Bus drivers have voted overwhelmingly to continue their industrial action - with the next strike likely to take place during TT fortnight.
Meanwhile, it has been confirmed that 79 cases – not 120 as claimed by the Unite union leadership last week but still a considerable number – have been taken to the employment tribunal.
These have been lodged by 63 individual bus drivers and involve claims for unfair dismissal unlawful deduction of wages.
In a ballot, 73 drivers voted in support of continuing industrial action and three voted against. There was on spoilt paper and 20 ballot papers were not returned.
Nick Black, chief executive officer of the Department of Community, Culture and Leisure, said: ‘The department was notified by Unite on April 22 that a ballot would be held to validate industrial action.
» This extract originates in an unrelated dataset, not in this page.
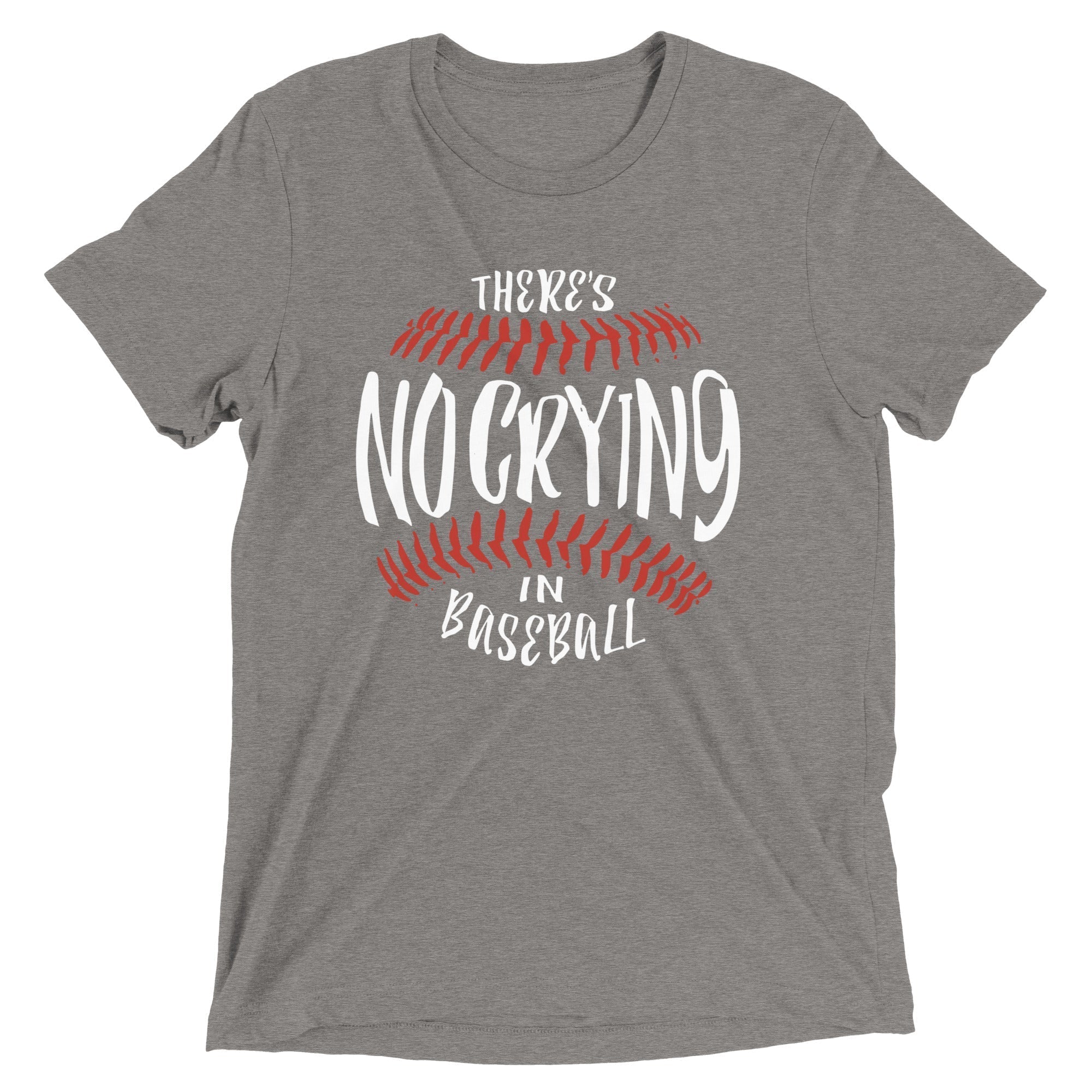 There's No Crying In Baseball Men's Tri-Blend Tee Hoodie, Sweatshirt | CoreVibeTees.com (Image 5)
‘No indication has yet been given as to what action may be taken or when it may be taken.
‘The union is required to give seven days’ notice of any action and once we have details of any action we will be able to confirm what contingency measures will be put in place.
‘I hope that we will be able to meet local union representatives next week to identify ways forward that do not disrupt the economic and social activity of the island, especially over TT fortnight.’
DCCL Minister Graham Cregeen said it would be a concern if a strike was held during TT fortnight but added: ‘We will deal with it’.
He said students may be taking GCSE and A Level exams during this time – and a strike would also undermine efforts to push the ‘don’t drink and drive or ride’ message.
Mr Black added: ‘The department is responding to 79 employment tribunal claims made by a total of 63 individual bus driving staff.
‘These include claims arising out of the change to terms and conditions and out of the department’s response to strike action.
‘Whilst the total number of claims could increase over time, the advocate appointed by the union to represent their drivers did advise the chairman of the tribunal at a public hearing on May 2 that there were not 120 claim forms.’
The suggest that 120 claims had been submitted was made Bobby Morton, Unite’s UK-based national officer for public transport.
He told iomtoday the intention was to hold the next strike action during the last week of May or first week in June.
Mr Morton revealed Unite was also taking legal advice on suing the DCCL in the high court over breach of contract. Unite contends a ‘viable’ offer was made but subsequently withdrawn by the department.
The dispute concerns changes to terms and conditions of Bus Vannin drivers, including the loss of paid lunches.